EXTRACTED ENTRIES below:
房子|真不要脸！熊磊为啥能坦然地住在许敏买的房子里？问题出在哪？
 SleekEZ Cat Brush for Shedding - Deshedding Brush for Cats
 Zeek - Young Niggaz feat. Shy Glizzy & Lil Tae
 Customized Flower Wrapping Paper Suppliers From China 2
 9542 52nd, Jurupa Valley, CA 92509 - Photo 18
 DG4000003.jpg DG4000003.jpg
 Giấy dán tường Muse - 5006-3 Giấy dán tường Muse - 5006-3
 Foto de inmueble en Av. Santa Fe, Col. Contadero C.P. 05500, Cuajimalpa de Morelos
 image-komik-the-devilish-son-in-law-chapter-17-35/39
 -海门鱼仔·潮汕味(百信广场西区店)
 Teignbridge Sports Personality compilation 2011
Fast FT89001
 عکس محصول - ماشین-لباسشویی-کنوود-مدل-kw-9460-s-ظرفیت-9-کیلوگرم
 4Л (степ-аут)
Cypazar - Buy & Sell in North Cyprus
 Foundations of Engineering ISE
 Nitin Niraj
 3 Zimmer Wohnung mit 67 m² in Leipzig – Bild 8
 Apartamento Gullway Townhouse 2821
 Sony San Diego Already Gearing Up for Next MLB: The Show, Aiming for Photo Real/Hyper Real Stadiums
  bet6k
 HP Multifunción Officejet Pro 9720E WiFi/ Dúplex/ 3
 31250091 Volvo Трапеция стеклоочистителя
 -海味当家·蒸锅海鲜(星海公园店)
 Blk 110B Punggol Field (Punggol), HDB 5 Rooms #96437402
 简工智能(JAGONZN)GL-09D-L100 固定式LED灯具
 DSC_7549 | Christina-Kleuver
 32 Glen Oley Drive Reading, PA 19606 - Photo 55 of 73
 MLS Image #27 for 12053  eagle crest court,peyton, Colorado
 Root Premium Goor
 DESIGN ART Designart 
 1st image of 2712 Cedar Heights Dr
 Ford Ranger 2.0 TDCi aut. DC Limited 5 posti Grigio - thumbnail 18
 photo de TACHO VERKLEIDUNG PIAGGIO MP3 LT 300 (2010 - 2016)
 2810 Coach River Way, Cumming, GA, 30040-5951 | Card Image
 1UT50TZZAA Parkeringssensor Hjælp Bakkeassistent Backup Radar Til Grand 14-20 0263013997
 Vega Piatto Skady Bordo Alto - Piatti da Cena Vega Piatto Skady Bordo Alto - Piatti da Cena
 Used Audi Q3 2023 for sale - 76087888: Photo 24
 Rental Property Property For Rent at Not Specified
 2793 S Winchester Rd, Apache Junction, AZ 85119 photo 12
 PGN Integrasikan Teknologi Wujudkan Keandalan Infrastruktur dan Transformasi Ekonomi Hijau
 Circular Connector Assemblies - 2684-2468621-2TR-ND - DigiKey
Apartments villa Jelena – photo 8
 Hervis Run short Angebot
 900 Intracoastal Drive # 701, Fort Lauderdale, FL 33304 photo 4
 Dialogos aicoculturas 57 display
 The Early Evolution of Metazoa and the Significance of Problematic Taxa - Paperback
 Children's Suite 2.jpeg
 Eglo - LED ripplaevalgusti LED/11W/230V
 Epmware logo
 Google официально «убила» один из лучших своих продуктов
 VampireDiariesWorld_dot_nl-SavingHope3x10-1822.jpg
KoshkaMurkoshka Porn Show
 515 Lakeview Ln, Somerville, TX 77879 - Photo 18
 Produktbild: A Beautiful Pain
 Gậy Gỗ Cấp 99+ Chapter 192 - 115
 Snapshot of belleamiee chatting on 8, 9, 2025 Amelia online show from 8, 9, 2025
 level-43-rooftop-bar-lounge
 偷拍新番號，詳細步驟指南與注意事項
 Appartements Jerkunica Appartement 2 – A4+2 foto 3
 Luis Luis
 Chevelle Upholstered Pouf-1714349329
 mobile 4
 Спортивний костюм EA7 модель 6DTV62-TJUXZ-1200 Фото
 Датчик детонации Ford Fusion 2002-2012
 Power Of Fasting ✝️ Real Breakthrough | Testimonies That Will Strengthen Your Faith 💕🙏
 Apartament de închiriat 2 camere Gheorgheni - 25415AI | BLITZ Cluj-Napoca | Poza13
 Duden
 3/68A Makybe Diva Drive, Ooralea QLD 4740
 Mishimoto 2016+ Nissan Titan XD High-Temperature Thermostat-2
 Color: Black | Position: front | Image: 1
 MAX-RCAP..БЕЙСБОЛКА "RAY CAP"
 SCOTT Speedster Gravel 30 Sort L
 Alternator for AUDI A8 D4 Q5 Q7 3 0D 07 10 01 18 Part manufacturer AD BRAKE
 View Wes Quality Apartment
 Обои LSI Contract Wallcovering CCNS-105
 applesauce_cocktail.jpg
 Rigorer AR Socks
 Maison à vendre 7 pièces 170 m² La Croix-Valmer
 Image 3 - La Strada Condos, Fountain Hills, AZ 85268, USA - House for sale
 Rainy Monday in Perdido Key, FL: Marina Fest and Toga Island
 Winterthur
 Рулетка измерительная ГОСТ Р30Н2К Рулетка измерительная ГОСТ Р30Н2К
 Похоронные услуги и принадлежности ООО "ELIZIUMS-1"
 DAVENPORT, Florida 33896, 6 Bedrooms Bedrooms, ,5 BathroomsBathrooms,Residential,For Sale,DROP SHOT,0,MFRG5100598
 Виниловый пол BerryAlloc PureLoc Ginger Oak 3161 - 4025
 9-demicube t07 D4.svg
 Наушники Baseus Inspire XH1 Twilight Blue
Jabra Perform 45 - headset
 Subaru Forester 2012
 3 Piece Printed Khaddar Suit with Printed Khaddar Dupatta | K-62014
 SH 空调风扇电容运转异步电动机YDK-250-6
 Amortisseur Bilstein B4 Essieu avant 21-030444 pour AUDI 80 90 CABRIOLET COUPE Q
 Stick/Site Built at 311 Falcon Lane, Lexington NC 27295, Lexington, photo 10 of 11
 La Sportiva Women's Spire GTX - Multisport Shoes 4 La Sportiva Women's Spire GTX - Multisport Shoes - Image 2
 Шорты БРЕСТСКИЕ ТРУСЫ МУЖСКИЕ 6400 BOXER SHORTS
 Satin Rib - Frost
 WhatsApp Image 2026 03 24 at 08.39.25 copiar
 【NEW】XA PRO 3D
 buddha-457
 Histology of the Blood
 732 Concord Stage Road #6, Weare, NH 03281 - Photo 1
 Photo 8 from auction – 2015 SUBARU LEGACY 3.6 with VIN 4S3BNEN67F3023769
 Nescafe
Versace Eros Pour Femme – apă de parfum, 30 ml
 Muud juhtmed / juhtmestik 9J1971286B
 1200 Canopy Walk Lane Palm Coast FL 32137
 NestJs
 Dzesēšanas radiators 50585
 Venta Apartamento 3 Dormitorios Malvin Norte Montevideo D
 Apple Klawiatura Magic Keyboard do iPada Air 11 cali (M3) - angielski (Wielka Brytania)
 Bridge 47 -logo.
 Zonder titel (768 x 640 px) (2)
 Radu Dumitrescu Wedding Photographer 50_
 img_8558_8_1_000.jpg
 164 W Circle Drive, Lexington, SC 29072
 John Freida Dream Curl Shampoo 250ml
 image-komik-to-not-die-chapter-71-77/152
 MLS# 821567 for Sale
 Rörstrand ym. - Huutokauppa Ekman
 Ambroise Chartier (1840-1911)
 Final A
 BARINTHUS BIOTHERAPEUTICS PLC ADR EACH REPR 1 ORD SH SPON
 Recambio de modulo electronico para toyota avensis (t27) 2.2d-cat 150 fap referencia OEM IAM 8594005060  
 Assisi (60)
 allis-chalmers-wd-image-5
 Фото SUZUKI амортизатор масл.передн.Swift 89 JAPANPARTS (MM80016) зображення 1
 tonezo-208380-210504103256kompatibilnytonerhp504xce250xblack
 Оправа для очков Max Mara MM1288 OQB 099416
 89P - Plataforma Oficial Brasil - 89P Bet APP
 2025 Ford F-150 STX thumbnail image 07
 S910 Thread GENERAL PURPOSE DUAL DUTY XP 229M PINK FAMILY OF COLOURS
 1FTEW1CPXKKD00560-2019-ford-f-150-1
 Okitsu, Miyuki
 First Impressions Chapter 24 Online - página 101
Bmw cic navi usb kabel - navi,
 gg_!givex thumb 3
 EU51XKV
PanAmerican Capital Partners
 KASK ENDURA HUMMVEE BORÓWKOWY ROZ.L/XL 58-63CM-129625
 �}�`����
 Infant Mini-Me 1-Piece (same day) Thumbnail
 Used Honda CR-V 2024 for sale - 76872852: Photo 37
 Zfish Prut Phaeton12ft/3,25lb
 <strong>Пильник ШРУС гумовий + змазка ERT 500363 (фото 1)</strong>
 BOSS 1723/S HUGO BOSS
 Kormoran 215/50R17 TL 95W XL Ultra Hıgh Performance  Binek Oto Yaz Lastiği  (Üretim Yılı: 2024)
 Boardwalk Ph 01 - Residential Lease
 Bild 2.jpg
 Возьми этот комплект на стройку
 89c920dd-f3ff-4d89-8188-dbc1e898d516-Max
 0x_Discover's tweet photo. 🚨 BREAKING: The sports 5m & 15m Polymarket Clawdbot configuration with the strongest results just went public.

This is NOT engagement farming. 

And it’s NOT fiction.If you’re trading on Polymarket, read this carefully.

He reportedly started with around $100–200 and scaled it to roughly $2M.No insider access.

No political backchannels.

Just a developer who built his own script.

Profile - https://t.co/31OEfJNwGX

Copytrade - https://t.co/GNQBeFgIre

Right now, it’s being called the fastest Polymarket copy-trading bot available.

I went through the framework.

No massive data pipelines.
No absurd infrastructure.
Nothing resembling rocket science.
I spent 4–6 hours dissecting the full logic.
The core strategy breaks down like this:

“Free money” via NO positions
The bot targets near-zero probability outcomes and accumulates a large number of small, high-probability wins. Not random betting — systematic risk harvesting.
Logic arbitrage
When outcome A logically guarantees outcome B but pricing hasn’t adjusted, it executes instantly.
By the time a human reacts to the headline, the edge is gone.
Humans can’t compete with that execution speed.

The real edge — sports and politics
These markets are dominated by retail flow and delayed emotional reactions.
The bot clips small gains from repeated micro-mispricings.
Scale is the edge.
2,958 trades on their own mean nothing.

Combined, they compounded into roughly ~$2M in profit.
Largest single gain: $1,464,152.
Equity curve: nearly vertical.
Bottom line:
End of EXTRACTED ENTRIES.
» **ASSIGNMENT**
Please copy, exactly as written, every line in the listing above from the line with "No political backchannels." up to and including the line with "Nothing resembling rocket science.".

» **ANSWER SECTION**
No political backchannels.

Just a developer who built his own script.

Profile - https://t.co/31OEfJNwGX

Copytrade - https://t.co/GNQBeFgIre

Right now, it’s being called the fastest Polymarket copy-trading bot available.

I went through the framework.

No massive data pipelines.
No absurd infrastructure.
Nothing resembling rocket science.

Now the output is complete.